▸ **Exercise requirements**:
Each record that follows is to be duplicated exactly, though its pictures are not.

Content starts

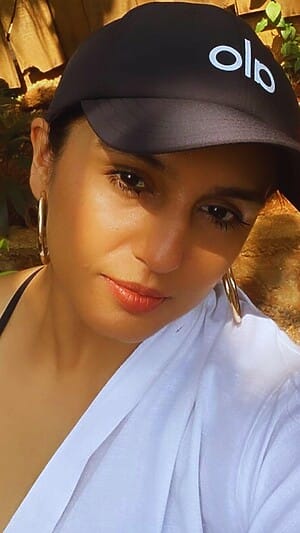 Huma Qureshi Selfie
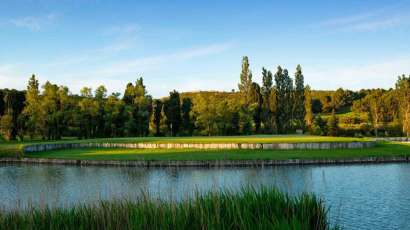 Golf De Servanes à Mouriès    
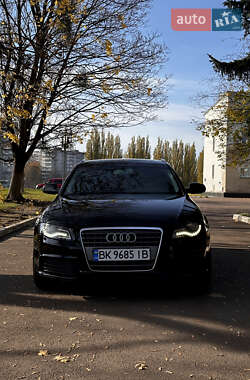 Универсал Audi A4 2011 в Ровно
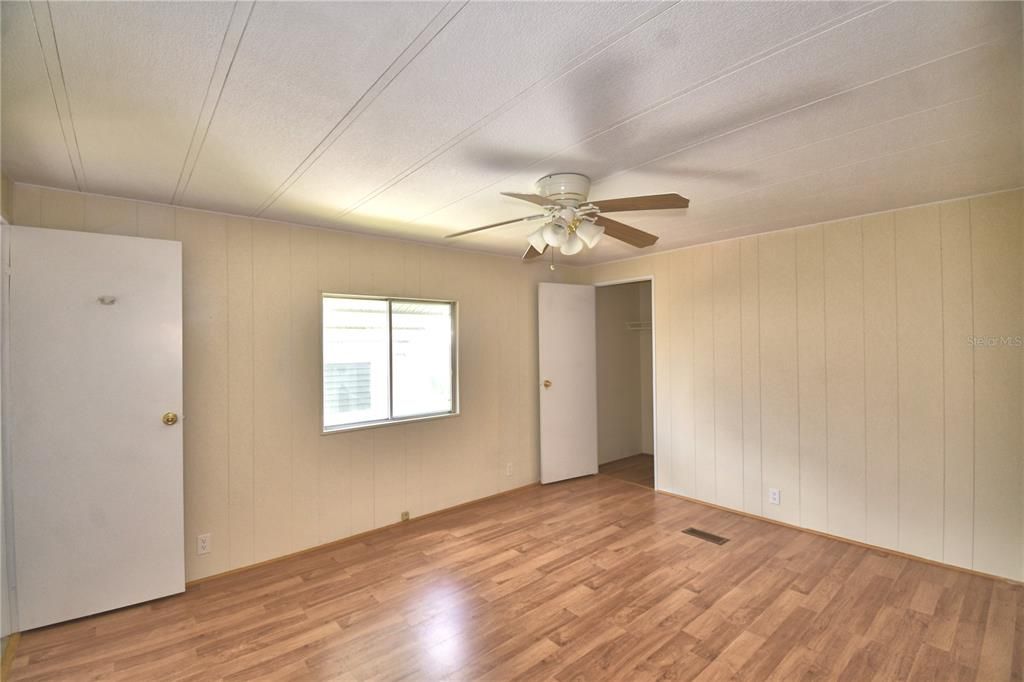 For Sale: $99,000 (2 beds, 2 baths, 1035 Square Feet)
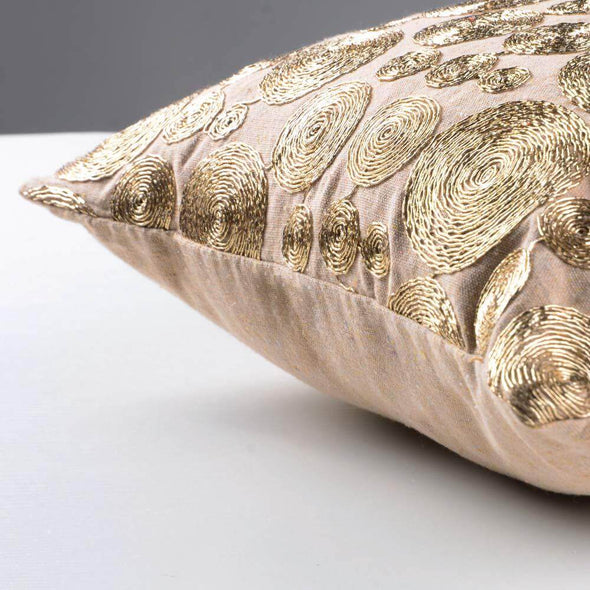 modern-throw-pillows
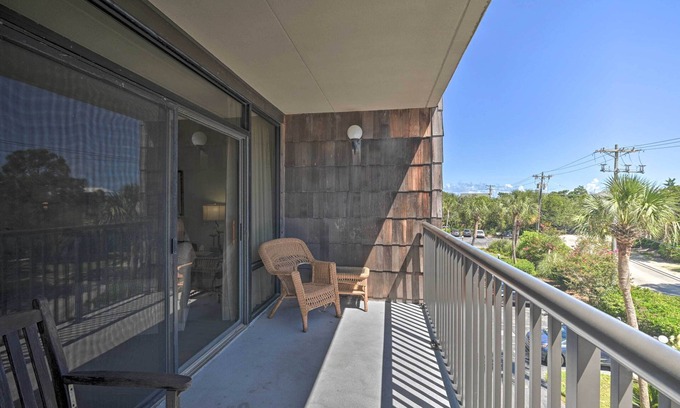 North Litchfield Beach Condominio | Pawleys Island Condo Retreat w/ Beach Access!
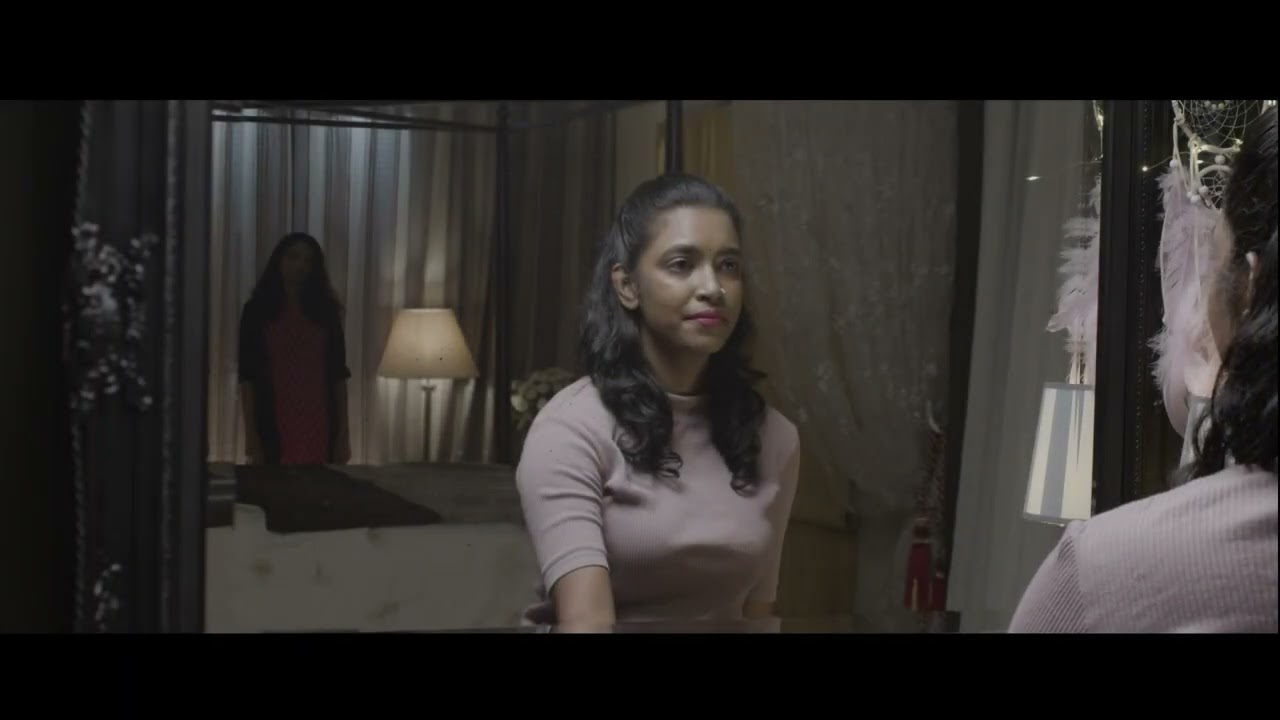 மார்பக புற்றுநோய் - கண்ணாடியின் முன் ஒரு பெண்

Content ends

▸ **Answer**:
 Huma Qureshi Selfie
 Golf De Servanes à Mouriès    
 Универсал Audi A4 2011 в Ровно
 For Sale: $99,000 (2 beds, 2 baths, 1035 Square Feet)
 modern-throw-pillows
 North Litchfield Beach Condominio | Pawleys Island Condo Retreat w/ Beach Access!
 மார்பக புற்றுநோய் - கண்ணாடியின் முன் ஒரு பெண்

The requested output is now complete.